发布时间：2018-01-25 14:12

本文关键词： 超大跨凯威特型巨型网格自动生成稳定分析参数分析　出处：《哈尔滨工业大学》2015年硕士论文　论文类型：学位论文

【摘要】：随着社会进步和建设水平的发展,超大跨空间结构在抵御环境变化、营造宜居区域、城市节能减排等方面有着越来越广的应用前景,受到学者们的广泛重视。

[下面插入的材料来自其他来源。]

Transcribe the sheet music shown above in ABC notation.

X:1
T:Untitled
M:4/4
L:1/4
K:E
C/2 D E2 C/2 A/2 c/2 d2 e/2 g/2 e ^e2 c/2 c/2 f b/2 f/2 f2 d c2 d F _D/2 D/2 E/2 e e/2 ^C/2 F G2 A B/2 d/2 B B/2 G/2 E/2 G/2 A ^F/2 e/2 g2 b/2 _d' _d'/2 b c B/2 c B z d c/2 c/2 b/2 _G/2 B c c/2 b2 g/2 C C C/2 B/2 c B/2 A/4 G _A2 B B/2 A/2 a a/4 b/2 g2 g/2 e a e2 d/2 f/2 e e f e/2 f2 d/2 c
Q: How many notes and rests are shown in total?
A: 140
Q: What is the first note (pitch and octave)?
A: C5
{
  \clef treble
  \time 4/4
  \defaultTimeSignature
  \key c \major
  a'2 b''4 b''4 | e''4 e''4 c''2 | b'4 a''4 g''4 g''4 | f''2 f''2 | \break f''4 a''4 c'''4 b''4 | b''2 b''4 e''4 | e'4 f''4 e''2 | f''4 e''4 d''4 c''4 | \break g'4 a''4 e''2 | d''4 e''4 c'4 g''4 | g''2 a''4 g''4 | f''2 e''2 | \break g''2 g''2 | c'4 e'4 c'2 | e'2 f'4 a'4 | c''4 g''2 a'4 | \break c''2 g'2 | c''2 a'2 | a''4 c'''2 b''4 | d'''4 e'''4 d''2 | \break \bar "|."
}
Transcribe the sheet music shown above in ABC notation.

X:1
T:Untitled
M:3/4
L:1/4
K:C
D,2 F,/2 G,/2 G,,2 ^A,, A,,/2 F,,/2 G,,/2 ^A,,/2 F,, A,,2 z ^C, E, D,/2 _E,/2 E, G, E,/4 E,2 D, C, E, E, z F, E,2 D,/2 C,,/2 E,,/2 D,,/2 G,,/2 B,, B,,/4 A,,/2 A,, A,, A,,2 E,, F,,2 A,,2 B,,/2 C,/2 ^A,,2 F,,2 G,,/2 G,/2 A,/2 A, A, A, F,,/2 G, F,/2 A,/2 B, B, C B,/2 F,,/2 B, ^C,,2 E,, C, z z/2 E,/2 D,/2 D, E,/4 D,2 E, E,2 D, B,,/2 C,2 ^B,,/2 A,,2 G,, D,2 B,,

由于结构跨度上的大幅度增加,必将很大程度上提高结构杆件数目、杆件尺寸等,直接导致结构在内力计算、杆件选择、稳定分析等方面面临诸多未知与挑战。本文以提出合理的800m超大跨结构为研究目标,对比分析了四种备选超大跨结构形式,筛选出其中受力性能最优的凯威特型巨型网格作为本课题的研究对象。首次得到其自动生成程序并对其进行了系统的静力分析、稳定分析、参数分析和子结构分析。从而为该结构的理论研究与工程设计提供有价值的参考。主要包含以下几方面内容:1、对比分析了800m跨度、一致荷载作用下的双层网壳、局部三层网壳、肋环型巨型网格和凯威特型巨型网格的内力峰值、最大位移、用钢量等静力性能指标。筛选出最合理的结构形式——凯威特型巨型网格。并从结构构造特点、受力原理等方面对其原因进行了分析。2、利用CAD三维建模进行成型分析并得到凯威特型巨型网格结构的拓扑关系,提出了基于几何成型的结构程序化实现方法。利用APDL参数化语言结合此结构几何形体控制参数编制其相应的自动生成程序,为该结构的深入研究奠定了良好的基础。3、编制了适用于凯威特型巨型网格结构的荷载程序、选杆程序,并完成该结构静力计算。总结了对此结构形式起控制作用的荷载工况,总结归纳了此结构的内力分布规律。4、考虑巨型网格节点偏差几何非线性、材料非线性和杆件初始弯曲几何非线性的影响进行结构稳定性分析。提出了双重条件判断整体失稳的方法,并总结了结构整体失稳时各参数的取值规律。利用弧长法追踪结构的平衡路径并编制了相应的非线性稳定分析程序。对此结构在各非线性因素影响下的承载力变化规律进行了归纳总结。通过与其他结构形式对比,并结合此超大跨结构的特点,对上述规律的原因进行了分析。5、研究了各参数变化对结构受力性能的影响,对凯威特型巨型网格结构进行了关于环(径)向分割份数、矢跨比、桁架高跨比等7个参数共计153个模型的分析计算。总结了结构力学性能随上述参数的变化规律,归纳了各参数的合理取值范围,为该结构的深入研究与工程应用提供一定的参考。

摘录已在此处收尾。